### THE RECORDS

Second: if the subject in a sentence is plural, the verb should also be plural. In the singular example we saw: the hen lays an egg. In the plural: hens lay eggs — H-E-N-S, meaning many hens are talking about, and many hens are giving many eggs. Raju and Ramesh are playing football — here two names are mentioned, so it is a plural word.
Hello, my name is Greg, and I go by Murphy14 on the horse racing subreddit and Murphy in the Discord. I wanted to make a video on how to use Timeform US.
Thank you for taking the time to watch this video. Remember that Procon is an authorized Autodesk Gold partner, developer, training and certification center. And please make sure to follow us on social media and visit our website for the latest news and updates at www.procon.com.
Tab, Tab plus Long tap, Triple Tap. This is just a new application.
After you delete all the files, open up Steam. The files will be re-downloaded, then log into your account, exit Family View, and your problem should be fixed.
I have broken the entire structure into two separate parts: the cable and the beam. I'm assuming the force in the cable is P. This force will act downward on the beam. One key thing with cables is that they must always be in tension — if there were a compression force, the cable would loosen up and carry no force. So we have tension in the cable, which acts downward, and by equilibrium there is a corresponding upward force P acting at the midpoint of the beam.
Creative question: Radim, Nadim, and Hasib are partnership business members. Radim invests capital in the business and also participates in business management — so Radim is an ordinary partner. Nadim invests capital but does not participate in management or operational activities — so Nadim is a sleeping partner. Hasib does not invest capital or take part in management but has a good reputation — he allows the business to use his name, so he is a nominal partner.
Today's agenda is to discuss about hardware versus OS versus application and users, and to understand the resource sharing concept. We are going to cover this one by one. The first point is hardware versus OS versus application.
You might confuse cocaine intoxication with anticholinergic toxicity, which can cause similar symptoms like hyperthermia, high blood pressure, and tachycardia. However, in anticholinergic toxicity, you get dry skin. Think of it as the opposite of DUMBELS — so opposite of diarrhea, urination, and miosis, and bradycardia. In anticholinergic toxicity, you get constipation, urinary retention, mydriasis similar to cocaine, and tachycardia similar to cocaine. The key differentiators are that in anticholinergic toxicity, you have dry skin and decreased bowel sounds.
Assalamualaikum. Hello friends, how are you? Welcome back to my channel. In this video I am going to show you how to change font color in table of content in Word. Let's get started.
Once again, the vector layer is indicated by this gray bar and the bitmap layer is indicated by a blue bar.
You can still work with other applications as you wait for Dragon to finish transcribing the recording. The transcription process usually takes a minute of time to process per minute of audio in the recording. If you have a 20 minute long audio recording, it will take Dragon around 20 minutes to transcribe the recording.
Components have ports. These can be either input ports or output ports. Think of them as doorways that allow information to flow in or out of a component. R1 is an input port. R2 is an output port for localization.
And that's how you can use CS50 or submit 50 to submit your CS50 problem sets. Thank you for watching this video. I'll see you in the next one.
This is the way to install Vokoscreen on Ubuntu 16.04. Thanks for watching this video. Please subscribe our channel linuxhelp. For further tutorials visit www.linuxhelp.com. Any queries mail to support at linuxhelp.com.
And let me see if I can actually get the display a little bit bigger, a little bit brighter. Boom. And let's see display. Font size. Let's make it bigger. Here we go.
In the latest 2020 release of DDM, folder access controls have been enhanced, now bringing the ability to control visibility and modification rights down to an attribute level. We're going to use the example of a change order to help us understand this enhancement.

### PROBLEM DETAILS
Search the listing for the word "watching". Copy every line in which it occurs.

### TASK ANSWER
And that's how you can use CS50 or submit 50 to submit your CS50 problem sets. Thank you for watching this video. I'll see you in the next one.
This is the way to install Vokoscreen on Ubuntu 16.04. Thanks for watching this video. Please subscribe our channel linuxhelp. For further tutorials visit www.linuxhelp.com. Any queries mail to support at linuxhelp.com.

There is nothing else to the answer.